Action item:
Search the data below for lines that include the word "image" and state how many there are, nothing else.

Materials provided:
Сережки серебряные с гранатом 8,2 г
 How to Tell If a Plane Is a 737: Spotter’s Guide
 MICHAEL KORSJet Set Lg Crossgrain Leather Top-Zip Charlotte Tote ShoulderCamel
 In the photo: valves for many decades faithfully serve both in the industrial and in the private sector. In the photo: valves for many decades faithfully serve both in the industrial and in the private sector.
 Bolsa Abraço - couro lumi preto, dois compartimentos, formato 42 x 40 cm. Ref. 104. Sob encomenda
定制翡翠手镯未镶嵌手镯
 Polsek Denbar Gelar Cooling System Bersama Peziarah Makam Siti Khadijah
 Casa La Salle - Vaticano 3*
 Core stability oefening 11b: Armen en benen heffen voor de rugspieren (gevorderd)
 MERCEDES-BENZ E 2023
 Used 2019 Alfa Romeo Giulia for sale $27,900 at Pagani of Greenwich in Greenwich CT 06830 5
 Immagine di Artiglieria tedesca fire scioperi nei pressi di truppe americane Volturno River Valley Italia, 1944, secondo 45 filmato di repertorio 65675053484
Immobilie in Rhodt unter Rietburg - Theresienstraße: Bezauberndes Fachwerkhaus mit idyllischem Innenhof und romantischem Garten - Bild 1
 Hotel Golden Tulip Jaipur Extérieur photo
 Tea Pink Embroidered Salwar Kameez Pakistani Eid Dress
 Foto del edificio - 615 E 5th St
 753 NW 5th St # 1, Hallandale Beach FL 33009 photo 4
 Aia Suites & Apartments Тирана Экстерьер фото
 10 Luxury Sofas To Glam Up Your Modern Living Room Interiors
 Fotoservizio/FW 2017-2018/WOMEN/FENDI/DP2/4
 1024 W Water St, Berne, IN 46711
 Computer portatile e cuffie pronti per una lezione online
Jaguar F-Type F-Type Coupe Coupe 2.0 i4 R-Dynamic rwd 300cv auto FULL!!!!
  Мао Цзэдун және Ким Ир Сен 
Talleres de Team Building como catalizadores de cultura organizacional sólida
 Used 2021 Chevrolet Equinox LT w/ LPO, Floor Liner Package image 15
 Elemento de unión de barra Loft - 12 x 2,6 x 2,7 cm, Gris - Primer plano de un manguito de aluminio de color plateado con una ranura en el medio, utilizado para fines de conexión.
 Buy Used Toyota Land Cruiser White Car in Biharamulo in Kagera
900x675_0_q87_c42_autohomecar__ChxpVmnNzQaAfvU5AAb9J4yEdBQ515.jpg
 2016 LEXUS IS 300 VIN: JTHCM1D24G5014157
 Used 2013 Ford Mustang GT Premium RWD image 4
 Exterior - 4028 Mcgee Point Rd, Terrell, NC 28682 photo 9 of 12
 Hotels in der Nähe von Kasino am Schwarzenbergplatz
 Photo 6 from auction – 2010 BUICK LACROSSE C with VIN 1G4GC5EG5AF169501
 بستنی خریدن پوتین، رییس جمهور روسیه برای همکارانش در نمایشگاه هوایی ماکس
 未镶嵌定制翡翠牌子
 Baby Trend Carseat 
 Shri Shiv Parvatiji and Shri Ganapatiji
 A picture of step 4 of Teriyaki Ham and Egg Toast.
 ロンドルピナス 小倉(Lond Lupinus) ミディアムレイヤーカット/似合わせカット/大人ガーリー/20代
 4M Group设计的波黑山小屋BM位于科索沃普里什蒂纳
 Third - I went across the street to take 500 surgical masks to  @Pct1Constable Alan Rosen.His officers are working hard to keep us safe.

Response for this exercise:
2